In khelmsmith/flm_NE_WNV: Functional Linear Modeling For Vector-borne Disease

knitr::opts_chunk$set(echo = TRUE)

Set up data for example

library(tidyverse)
library(flm.NE.WNV) 
library(MuMIn)

# Read in population data
pop = flm.NE.WNV::NE_county_pops  %>% 
  filter(year >= 2002) %>% 
  as.data.frame()

county_lookup <- pop %>% 
  filter(year == "2010") %>% 
  select(County, fips)%>% 
  as.data.frame()

#Human cases, simulated, based on predicted values from the fitted model. 
cases = flm.NE.WNV::sampledat %>% 
  select(County, year, cases)%>% 
  # # drop Arthur back to 0 to test new zero filling methods
  # mutate(cases = case_when(County == "Arthur" ~ 0,
  #                          TRUE ~ cases)) %>% 
  as.data.frame()

# Read in environmental data
NEdat = flm.NE.WNV::NEdat %>% 
  rename(tmean = temp) %>% 
  mutate(fips = sprintf("31%03d", cofips)) %>% 
  left_join(county_lookup, by = "fips") %>% 
  select(County, fips, year, month, tmean, ppt)%>% 
  as.data.frame()


# Read in spi
spi = flm.NE.WNV::spi %>% 
  mutate(County = trimws(County),
         County = gsub(" ", "", County)) %>% 
  left_join(county_lookup, by = "County") %>% 
  rename(spi = spi1) %>% 
  select(County, fips, year, month, spi)%>% 
  as.data.frame()

# Read in spei
spei = flm.NE.WNV::spei %>% 
  mutate(County = trimws(County),
         County = gsub(" ", "", County)) %>% 
  left_join(county_lookup, by = "County") %>% 
  rename(spei = spei1) %>% 
  select(County, fips, year, month, spei)%>% 
  as.data.frame()

# Specify the last date to use -- package data incomplete for 2019
target.date = "2016-02-01" 
#target.date = "2019-03-01" -- this should fail with an error
# Specify the first year of data to use
start.year = 2002

# Specify lag lengths to use
lag.lengths = c(12, 18) #c(12, 18, 24, 30, 36)

#For consistent results with simulated data
in.seed = 4872957 # set = NULL if you have actual case data

Some basic quality control on synthetic data

Our approach struggles if there are counties with no cases, so we eliminate those counties (two in the simulated data).
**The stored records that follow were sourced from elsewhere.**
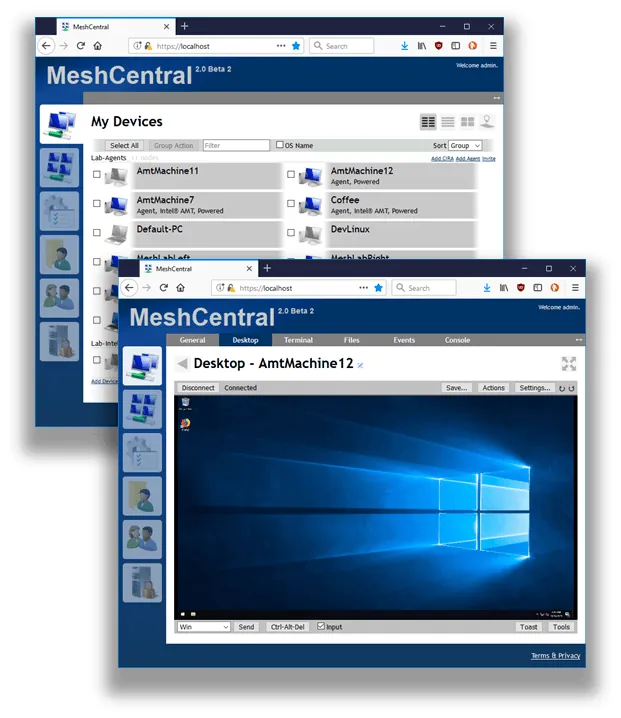 MeshCentral screenshot 2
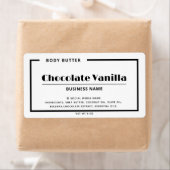 Zwart-wit minimalistisch etiket voor typografie (Insitu)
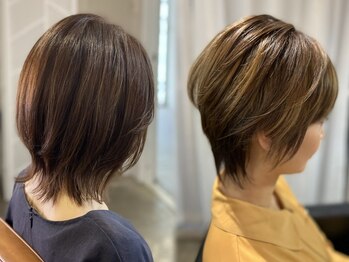 ツムグ 代官山店(TUMUGU)の写真/【HPBeauty AWARD BESTSALON 2023~2025 3年連続GOLD Prize】細部までこだわったカットで美シルエットに♪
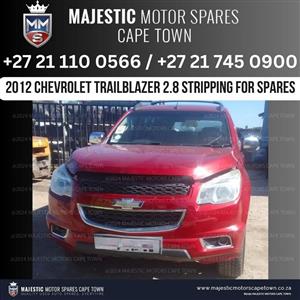 2012 Chevrolet Trailblazer 2.8 - stripping for spares and parts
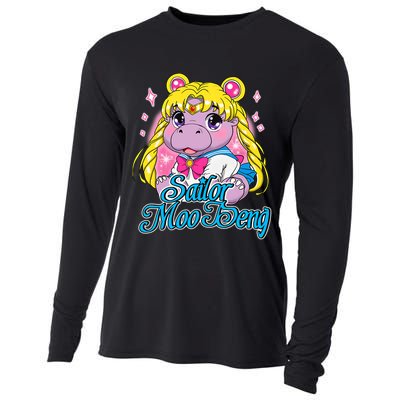Sailor Moo Deng Funny Hippo Moo Deng Cute Cooling Performance Long Sleeve Crew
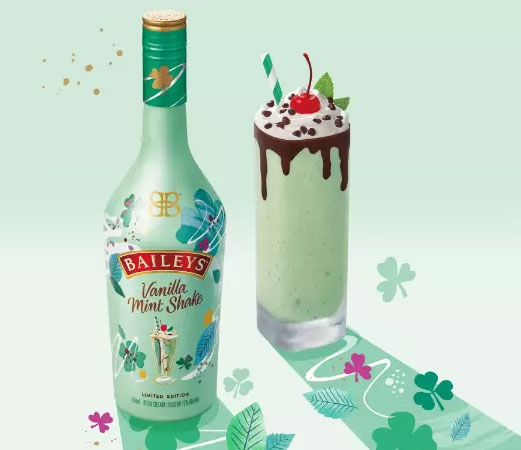 Bailey's Vanilla Mint Shake Recipe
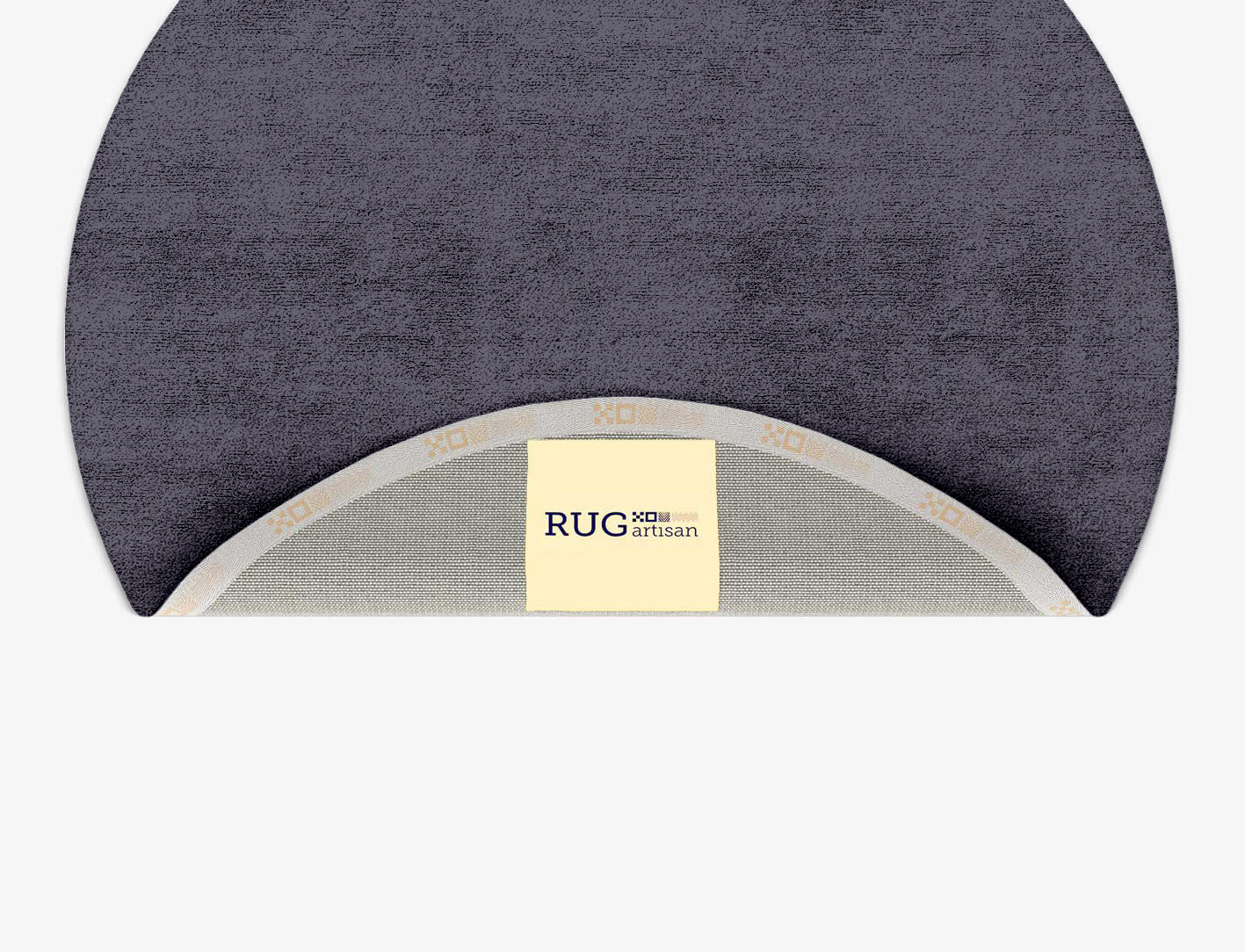 RA-EP07 Solid Colors Round Hand Tufted Bamboo Silk Custom Rug by Rug Artisan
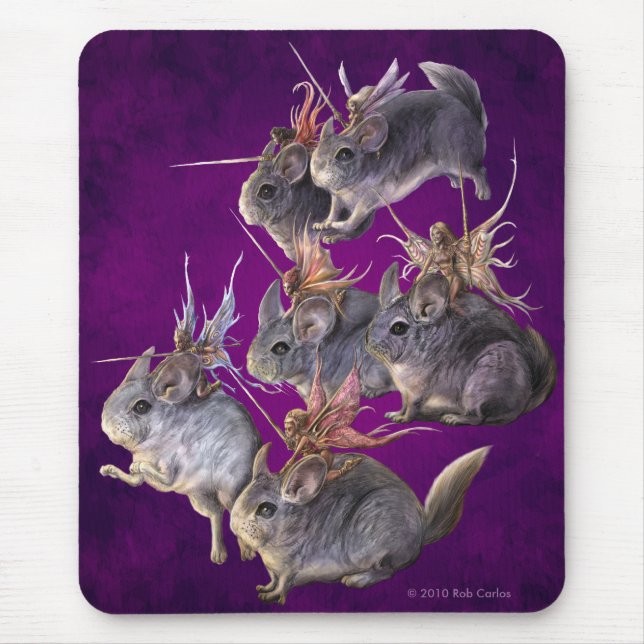 Tapis De Souris Cavalerie Mousepad de chinchilla (Devant)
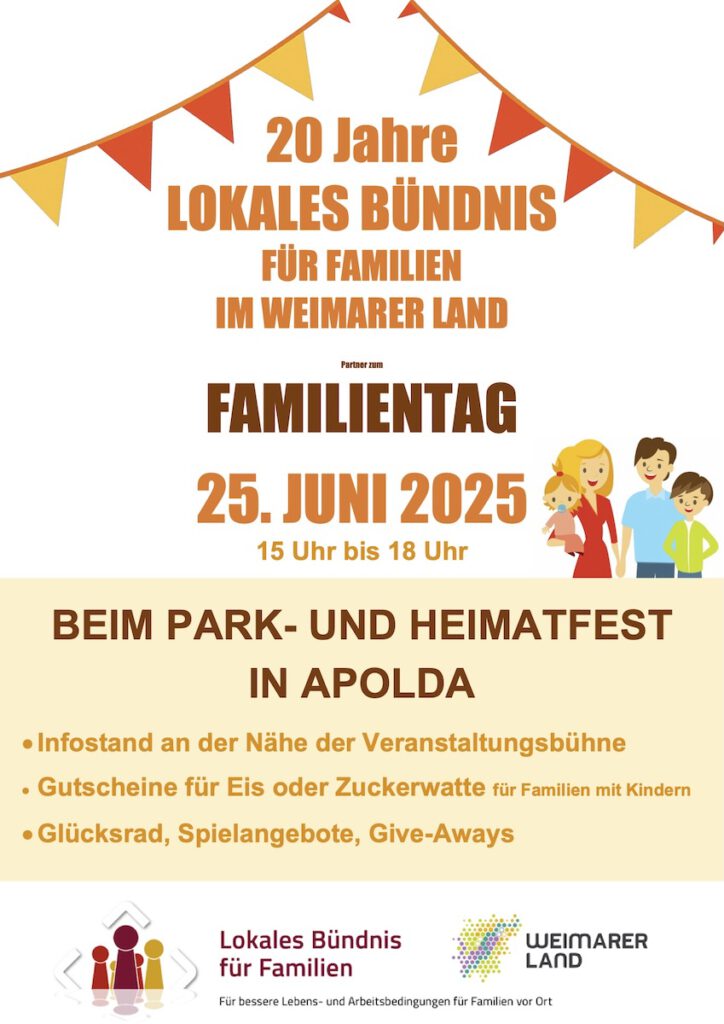 Lokales Bündnis für Familien im Weimarer Land | 20 Jahre Lokales Bündnis für Familien im Weimarer Land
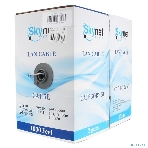 Кабель SkyNet Premium UTP indoor 2x2x0,51, медный, FLUKE TEST, кат.5e, однож., 305 м, box, серый, фото4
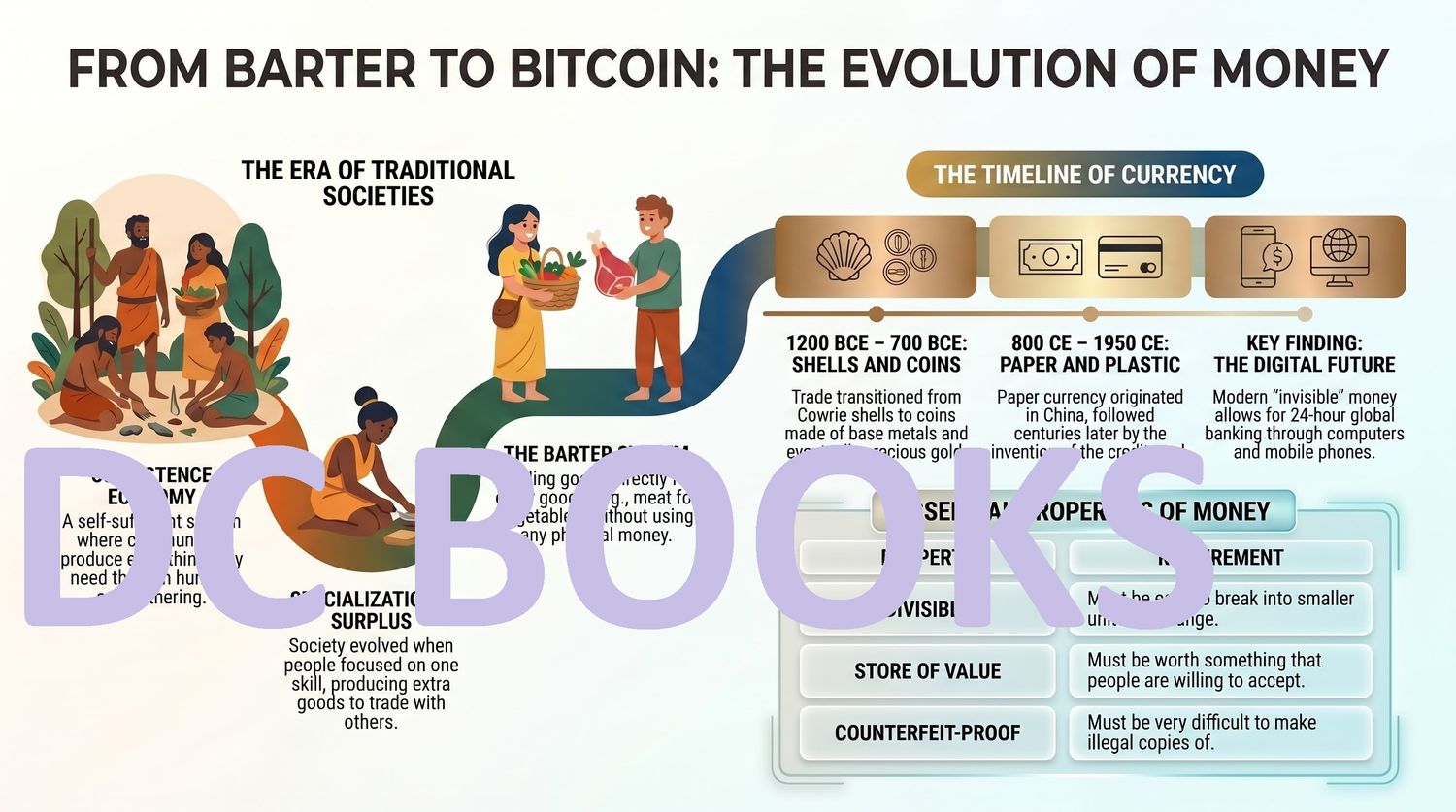 From Barter to Bitcoin - The Evolution of Money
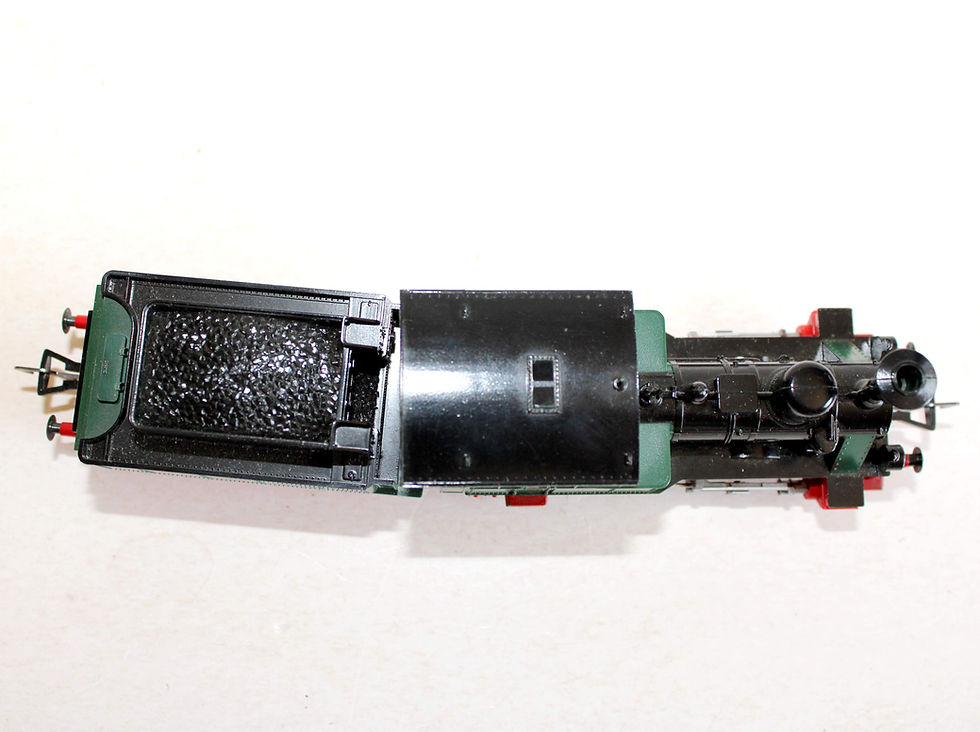 Miniaturebillede: FLEISCHMANN HO 4110 LOCOMOTIVE VAPEUR + TENDER, MOTRICE BETTY, TYPE 020 Bn2, ELB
data <- assemble.data.lags(pop, cases, NEdat, spi, spei, 
                           target.date, start.year, in.seed, lag.lengths)
allLagsT <- data[[1]] # 2004 - 2017
allLags0 <- data[[2]] # 2018
# how many counties lack cases? Should be none.
allLagsT %>% group_by(County) %>% 
  summarize(total_cases = sum(cases)) %>% 
  filter(total_cases == 0)

allLagsT %>% group_by(County) %>% 
  summarize(total_cases = sum(cases)) %>% 
  filter(total_cases > 0)

# to identify counties to fill in
allunits <- unique(cases$County)
missingunits <- !(allunits %in% unique(allLagsT$County))
allunits[missingunits]

What does the state total look like plotted against time?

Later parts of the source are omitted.